Sono otto le squadre, per un totale di circa 200 atleti, che si contenderanno il titolo, suddivise in due gironi. Nel girone A, che si svolgerà al Polisportivo, il PGS Concordia Baskin Schio (Veneto), la Superabili Onlus Avola (Sicilia), la Sanga Tramo Milano (Lombardia Nord) e la Polisportiva Oratorio S. Ilario (Lombardia Sud). Nel girone B, che si svolgerà al Palacollodi, il Monte Emilius UISP (Valle d’Aosta), la Lupo Galaxy Pesaro (Marche), il Calimero Baskin Ferrara (Emilia Romagna) e il Panda Baskin Altopascio (Toscana).

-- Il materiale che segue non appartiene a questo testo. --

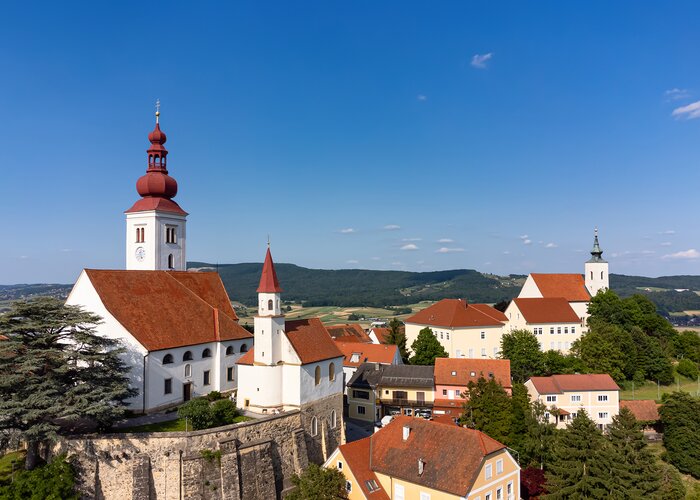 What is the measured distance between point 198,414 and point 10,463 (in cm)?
1176

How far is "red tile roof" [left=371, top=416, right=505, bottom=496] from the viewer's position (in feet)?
100

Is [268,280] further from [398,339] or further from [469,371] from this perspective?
[398,339]

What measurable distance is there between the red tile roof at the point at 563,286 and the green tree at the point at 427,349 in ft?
67.1

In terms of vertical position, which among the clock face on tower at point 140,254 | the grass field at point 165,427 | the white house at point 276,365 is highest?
the clock face on tower at point 140,254

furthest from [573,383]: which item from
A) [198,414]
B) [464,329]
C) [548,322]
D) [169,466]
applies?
[169,466]

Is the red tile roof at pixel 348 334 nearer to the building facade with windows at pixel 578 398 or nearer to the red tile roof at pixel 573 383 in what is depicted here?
the red tile roof at pixel 573 383

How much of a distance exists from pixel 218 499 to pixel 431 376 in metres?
26.8

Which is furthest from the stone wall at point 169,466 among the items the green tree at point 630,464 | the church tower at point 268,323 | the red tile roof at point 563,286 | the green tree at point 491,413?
the red tile roof at point 563,286

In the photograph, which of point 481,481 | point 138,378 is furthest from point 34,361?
point 481,481

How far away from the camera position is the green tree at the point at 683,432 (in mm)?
44812

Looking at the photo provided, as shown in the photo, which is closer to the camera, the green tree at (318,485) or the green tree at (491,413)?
the green tree at (318,485)

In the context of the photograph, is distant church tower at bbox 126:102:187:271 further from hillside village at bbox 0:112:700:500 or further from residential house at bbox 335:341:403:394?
residential house at bbox 335:341:403:394

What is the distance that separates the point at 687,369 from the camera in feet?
213

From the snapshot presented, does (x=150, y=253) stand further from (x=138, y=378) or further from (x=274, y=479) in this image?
(x=274, y=479)
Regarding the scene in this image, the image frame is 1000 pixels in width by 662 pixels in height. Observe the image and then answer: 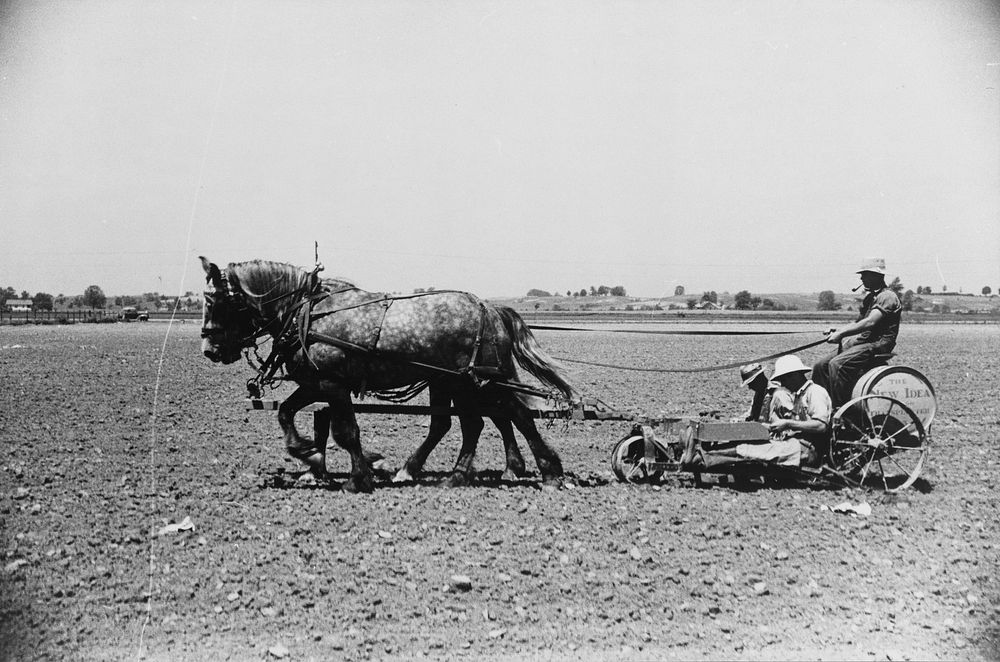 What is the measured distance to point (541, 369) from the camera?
7957mm

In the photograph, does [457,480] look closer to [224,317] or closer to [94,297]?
[224,317]

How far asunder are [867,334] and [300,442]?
5864mm

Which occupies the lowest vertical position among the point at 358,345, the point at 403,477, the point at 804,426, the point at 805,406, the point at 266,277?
the point at 403,477

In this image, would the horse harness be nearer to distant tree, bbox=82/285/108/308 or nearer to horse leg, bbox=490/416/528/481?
horse leg, bbox=490/416/528/481

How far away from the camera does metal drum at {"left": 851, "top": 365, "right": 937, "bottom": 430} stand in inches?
287

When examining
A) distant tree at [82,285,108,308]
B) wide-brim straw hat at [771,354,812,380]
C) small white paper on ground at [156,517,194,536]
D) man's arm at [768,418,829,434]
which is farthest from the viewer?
distant tree at [82,285,108,308]

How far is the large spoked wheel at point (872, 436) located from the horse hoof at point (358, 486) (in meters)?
4.49

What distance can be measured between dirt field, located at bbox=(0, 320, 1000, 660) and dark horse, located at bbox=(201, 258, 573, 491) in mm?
602

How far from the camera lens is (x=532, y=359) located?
314 inches

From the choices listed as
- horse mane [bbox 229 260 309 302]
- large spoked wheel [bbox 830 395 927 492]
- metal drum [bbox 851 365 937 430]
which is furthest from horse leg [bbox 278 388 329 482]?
metal drum [bbox 851 365 937 430]

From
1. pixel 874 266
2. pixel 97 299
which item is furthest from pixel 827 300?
pixel 97 299

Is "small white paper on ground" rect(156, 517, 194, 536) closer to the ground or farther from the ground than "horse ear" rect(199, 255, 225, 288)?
closer to the ground

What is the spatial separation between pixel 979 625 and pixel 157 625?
17.1ft

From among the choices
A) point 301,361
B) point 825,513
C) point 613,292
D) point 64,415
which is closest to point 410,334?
point 301,361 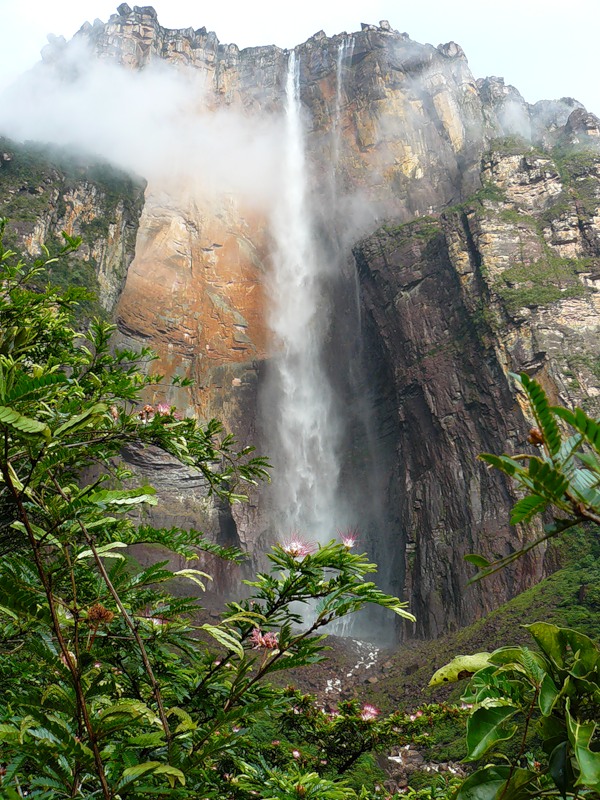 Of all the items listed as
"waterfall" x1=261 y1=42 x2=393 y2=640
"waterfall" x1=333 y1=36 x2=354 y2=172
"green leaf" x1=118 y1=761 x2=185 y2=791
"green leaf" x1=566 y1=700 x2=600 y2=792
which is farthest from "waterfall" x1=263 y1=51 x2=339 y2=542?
"green leaf" x1=566 y1=700 x2=600 y2=792

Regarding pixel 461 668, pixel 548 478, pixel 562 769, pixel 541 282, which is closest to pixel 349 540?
pixel 461 668

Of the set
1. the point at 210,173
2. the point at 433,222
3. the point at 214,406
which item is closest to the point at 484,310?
the point at 433,222

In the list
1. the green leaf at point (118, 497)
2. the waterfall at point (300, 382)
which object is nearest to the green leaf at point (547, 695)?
the green leaf at point (118, 497)

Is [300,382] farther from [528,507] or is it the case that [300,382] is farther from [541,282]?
[528,507]

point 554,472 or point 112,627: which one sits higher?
point 554,472

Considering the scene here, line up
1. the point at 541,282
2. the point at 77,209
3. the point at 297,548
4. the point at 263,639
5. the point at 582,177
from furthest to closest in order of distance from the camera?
1. the point at 77,209
2. the point at 582,177
3. the point at 541,282
4. the point at 263,639
5. the point at 297,548

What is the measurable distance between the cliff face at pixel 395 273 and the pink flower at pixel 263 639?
17167mm

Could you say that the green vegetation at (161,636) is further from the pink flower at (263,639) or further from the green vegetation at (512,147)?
the green vegetation at (512,147)

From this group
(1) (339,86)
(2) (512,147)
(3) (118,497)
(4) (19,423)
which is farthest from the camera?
(1) (339,86)

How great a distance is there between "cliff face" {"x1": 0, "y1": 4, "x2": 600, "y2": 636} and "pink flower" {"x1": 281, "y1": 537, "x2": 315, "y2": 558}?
57.0 feet

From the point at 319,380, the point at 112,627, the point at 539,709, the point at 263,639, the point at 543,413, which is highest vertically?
the point at 319,380

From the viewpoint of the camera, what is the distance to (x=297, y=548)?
5.36 feet

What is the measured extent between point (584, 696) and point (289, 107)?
41524 millimetres

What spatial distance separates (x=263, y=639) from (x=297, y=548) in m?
0.41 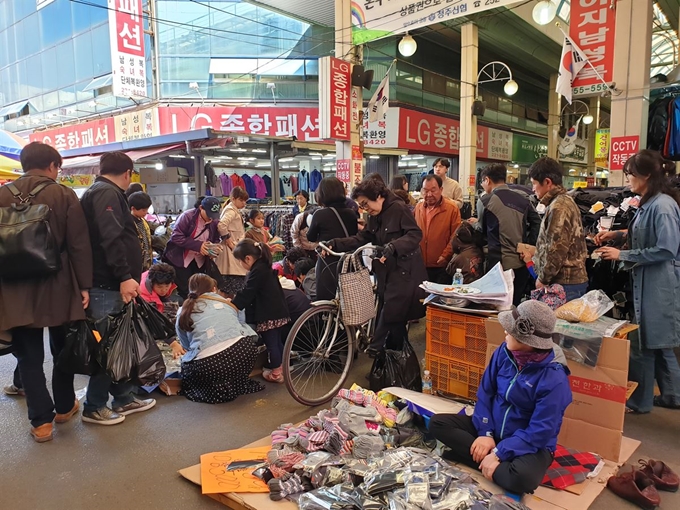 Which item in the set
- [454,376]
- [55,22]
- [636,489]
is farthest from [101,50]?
[636,489]

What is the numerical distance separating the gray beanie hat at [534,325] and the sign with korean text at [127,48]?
14.3 metres

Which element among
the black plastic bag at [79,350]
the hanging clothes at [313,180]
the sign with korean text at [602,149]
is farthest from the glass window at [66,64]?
the black plastic bag at [79,350]

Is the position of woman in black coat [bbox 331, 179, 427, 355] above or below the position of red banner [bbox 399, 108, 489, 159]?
below

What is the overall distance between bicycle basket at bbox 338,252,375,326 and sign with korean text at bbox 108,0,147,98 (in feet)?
41.9

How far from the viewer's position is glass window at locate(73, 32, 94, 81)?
58.3ft

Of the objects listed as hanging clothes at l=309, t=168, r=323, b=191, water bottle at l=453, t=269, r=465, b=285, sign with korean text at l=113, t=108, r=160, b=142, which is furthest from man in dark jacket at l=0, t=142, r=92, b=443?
sign with korean text at l=113, t=108, r=160, b=142

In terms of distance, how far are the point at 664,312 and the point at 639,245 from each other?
0.52 meters

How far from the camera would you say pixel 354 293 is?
3904mm

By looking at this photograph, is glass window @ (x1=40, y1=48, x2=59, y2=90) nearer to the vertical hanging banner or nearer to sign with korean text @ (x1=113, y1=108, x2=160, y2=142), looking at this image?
sign with korean text @ (x1=113, y1=108, x2=160, y2=142)

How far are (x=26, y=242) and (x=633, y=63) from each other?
7.70m

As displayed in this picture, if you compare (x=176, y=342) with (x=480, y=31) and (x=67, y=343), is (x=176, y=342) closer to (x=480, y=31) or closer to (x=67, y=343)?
(x=67, y=343)

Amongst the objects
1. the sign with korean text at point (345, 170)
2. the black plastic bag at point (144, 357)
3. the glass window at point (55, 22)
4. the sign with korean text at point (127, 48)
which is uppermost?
the glass window at point (55, 22)

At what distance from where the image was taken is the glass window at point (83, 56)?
17.8 metres

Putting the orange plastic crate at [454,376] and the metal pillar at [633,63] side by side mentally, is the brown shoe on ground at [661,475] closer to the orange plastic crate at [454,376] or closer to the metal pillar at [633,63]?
the orange plastic crate at [454,376] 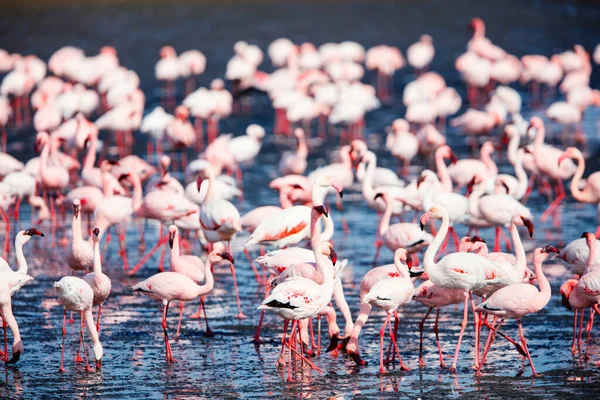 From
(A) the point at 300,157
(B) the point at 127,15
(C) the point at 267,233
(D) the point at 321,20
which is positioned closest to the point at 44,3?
(B) the point at 127,15

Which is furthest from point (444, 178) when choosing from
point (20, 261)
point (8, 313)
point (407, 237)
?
point (8, 313)

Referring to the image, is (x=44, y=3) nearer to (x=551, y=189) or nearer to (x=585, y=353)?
(x=551, y=189)

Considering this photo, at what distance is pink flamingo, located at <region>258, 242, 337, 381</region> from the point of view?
6.78 m

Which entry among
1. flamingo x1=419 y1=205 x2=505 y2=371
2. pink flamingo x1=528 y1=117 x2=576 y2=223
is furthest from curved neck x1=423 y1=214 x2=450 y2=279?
pink flamingo x1=528 y1=117 x2=576 y2=223

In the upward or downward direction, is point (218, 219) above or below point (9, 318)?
above

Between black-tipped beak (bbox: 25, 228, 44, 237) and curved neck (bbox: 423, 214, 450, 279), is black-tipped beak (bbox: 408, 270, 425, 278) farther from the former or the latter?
black-tipped beak (bbox: 25, 228, 44, 237)

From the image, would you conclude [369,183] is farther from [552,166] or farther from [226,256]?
[226,256]

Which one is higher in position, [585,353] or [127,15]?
[127,15]

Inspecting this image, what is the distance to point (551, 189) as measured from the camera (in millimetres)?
14570

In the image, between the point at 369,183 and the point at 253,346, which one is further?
the point at 369,183

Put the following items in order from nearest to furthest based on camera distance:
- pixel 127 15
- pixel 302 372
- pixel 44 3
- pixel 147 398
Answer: pixel 147 398 < pixel 302 372 < pixel 127 15 < pixel 44 3

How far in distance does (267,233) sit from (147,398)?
2613mm

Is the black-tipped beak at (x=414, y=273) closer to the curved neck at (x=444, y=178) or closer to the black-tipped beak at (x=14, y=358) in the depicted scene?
the black-tipped beak at (x=14, y=358)

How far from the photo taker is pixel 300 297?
6.80 m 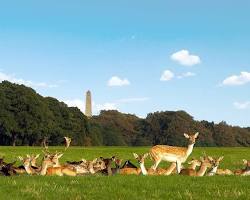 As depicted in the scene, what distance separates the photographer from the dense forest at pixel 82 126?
9406 cm

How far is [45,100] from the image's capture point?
106 meters

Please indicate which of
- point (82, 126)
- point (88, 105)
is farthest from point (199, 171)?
point (88, 105)

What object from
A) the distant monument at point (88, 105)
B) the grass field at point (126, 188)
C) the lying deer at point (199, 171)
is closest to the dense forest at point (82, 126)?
the distant monument at point (88, 105)

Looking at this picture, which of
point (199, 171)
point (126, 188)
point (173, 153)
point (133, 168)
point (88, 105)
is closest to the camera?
point (126, 188)

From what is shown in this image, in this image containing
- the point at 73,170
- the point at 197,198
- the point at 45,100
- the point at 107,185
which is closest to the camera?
the point at 197,198

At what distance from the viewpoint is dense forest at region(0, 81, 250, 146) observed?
309ft

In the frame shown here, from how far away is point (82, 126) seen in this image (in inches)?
4496

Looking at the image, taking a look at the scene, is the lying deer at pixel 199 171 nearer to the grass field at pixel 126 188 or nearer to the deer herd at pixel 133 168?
the deer herd at pixel 133 168

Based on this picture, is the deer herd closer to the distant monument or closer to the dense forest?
the dense forest

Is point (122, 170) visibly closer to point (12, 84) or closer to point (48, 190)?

Il calendario prevede venerdì 26 maggio, alle 16 e alle 18, le prime due partite di ogni girone e sabato 27 le altre quattro partite (alle 9,30, 11,30, 16 e 18). Domenica 28 al Polisportivo l’atto conclusivo: alle 9,30 la finale per il 3° e 4° posto e alle 11,30 la finalissima, con la partecipazione delle cheerleaders della Polisportiva di Zevio (VR) . La rassegna nazionale si concluderà alle 13 con le premiazioni.

Cos’è il baskin.

Come si legge sul sito del Baskin Cremona, città in cui è nato, il baskin è una nuova attività sportiva che si ispira al basket ma ha caratteristiche particolari ed innovative. Questo nuovo sport è stato infatti pensato per permettere a giovani normodotati e giovani disabili di giocare nella stessa squadra (composta sia da ragazzi che da ragazze). In effetti, il baskin permette la partecipazione attiva di giocatori con qualsiasi tipo di disabilità (fisica e/o mentale) che consenta il tiro in un canestro. Attraverso 10 regole, l’uso di più canestri (due normali e due laterali più bassi) e la possibilità di sostituzione della palla normale con una di dimensione e peso diversi, si mette in discussione la rigida struttura degli sport ufficiali e questa proposta, effettuata principalmente nella scuola, diventa un laboratorio di società e di inclusione.